> Exercise goal
Give the number of lines in the data below where the word "Hanger" appears, and nothing besides.

> Input data
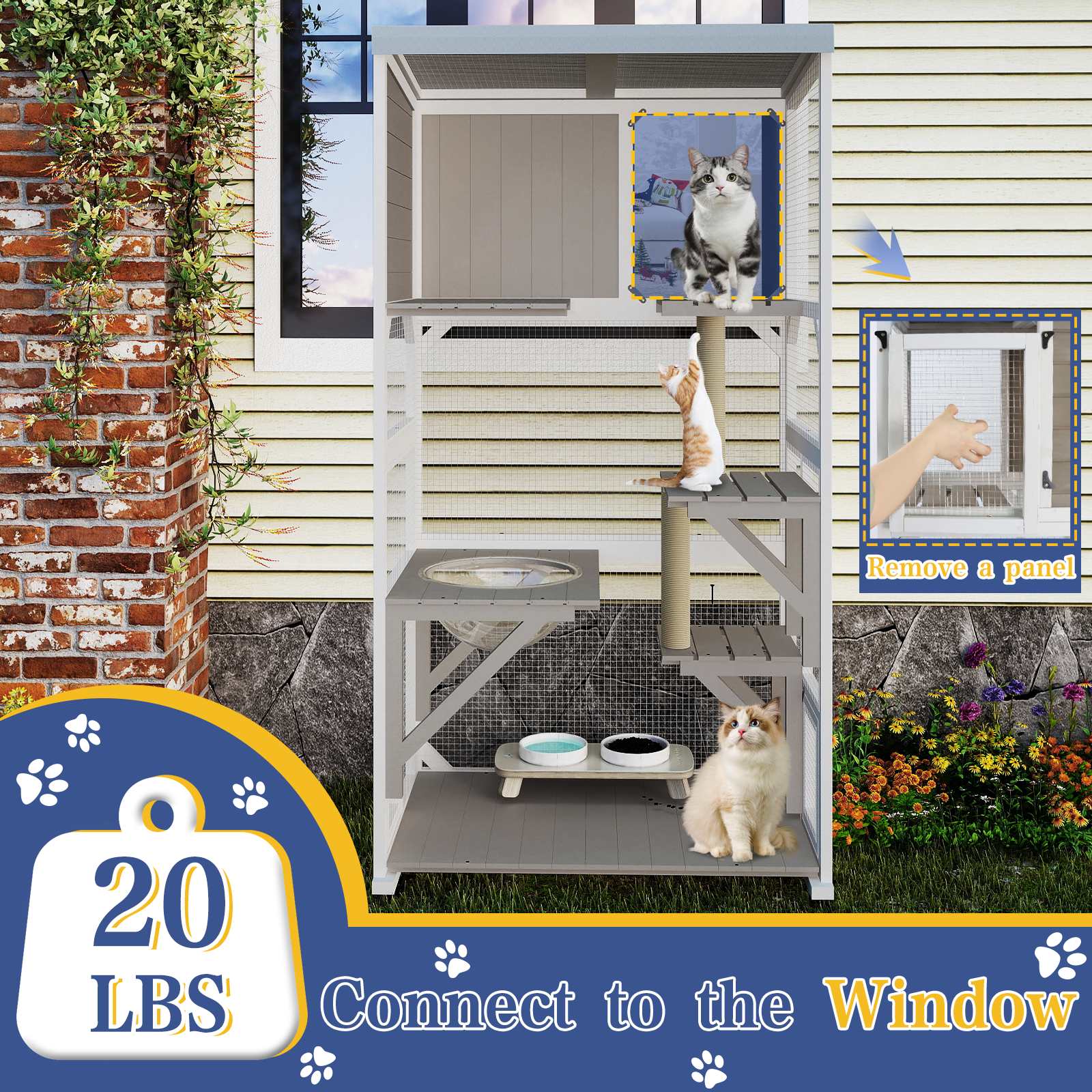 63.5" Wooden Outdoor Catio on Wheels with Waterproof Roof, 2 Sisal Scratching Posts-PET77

==

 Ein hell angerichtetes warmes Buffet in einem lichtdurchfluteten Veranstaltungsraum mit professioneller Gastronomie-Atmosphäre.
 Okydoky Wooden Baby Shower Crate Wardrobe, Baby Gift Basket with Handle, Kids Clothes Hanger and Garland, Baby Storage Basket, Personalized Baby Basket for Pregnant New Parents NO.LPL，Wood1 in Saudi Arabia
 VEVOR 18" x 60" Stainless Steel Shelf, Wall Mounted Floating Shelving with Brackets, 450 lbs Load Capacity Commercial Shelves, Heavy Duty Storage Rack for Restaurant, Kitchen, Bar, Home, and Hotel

* * *

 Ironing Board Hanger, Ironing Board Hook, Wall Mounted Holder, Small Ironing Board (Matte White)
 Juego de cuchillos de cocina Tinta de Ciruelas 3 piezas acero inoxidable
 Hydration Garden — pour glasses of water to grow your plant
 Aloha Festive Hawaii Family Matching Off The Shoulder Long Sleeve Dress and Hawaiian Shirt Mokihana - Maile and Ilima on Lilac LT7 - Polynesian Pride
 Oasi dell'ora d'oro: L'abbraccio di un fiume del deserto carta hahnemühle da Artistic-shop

> Response area
2